Seljalandsfoss and Skógafoss in July–August: These two waterfalls on the south coast are within 30 kilometres of each other on Route 1. In peak summer, Seljalandsfoss car parks are full by 9 am. The path behind the falls — which is the specific thing that makes Seljalandsfoss distinctive — has queues. You are walking with dozens of people in a space designed for perhaps ten. The sensory experience is fine; the photographic experience without crowds in frame requires either arriving before 7 am or accepting that you’ll be editing people out for an hour.

Skógafoss has similar dynamics. The staircase to the viewing ridge above the falls has a queue in July. The base of the falls is crowded from 10 am to 5 pm.

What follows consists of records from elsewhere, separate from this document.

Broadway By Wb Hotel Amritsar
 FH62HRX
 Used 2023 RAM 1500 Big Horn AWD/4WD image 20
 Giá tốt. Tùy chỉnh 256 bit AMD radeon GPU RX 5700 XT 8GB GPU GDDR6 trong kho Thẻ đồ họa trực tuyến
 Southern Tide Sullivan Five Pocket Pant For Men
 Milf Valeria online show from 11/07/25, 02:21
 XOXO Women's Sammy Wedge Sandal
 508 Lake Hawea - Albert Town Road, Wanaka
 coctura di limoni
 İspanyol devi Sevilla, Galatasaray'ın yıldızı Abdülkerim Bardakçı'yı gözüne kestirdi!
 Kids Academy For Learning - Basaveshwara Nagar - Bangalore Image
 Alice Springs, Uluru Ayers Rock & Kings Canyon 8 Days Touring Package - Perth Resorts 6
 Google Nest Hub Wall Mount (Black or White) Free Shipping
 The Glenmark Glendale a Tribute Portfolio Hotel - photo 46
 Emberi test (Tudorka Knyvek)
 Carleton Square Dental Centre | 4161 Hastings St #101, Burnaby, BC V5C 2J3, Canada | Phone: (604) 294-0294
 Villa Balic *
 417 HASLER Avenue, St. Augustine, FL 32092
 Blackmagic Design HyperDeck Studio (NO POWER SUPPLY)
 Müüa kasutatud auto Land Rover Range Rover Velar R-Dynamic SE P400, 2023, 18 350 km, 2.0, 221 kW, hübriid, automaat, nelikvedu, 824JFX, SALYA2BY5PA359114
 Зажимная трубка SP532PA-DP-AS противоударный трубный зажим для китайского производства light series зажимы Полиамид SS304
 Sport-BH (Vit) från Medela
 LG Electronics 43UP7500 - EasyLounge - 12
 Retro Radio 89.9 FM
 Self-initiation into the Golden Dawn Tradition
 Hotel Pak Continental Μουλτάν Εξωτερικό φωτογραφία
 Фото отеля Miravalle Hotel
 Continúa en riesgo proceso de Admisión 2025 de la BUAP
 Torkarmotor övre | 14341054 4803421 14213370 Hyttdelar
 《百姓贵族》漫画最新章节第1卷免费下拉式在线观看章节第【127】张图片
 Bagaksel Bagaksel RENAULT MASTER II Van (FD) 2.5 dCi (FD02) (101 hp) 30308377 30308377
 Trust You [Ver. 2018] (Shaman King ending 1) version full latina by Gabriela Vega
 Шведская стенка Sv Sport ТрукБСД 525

Jökulsárlón glacier lagoon: The main viewpoint and car park are heavily trafficked in summer. The amphibious boat tour queue can exceed an hour without pre-booking. Diamond Beach is crowded from 9 am onward on clear days. These are real constraints on the experience.

The Blue Lagoon: This is a managed experience where capacity is controlled by reservation. The “overcrowding” here is different — it’s not overcrowding exactly, it’s a commercialised visitor experience where the infrastructure and pricing reflect the volume. If you book early, the entry experience is structured and bearable. The problem isn’t the number of people; it’s whether you enjoy the product the Blue Lagoon has become.

Reykjavik in July: Laugavegur shopping street is genuinely very crowded in peak season. Accommodation prices are at their highest. The restaurant queues are real. None of this constitutes an environmental problem — it’s a city with too many tourists in summer, which describes dozens of European cities.

Where it isn’t the problem it’s portrayed as

The Westfjords: The 7,000 residents and perhaps 100,000–150,000 annual visitors means the Westfjords remains genuinely uncrowded. You will, on a July Tuesday, have Dynjandi waterfall to yourself for significant stretches.

North Iceland: Akureyri and the north coast region receive a fraction of south Iceland’s visitors. The Diamond Circle route (Ásbyrgi, Dettifoss, Húsavík) in September has maybe a third of the people at the equivalent south coast sites.

The highlands: The interior is self-limiting by its road requirements and remoteness. Overcrowding is not a problem when a trip requires a purpose-built 4x4.

Most of the east coast: Between Höfn and Egilsstaðir, the ring road runs through dramatic scenery with very little tourist infrastructure and modest visitor numbers.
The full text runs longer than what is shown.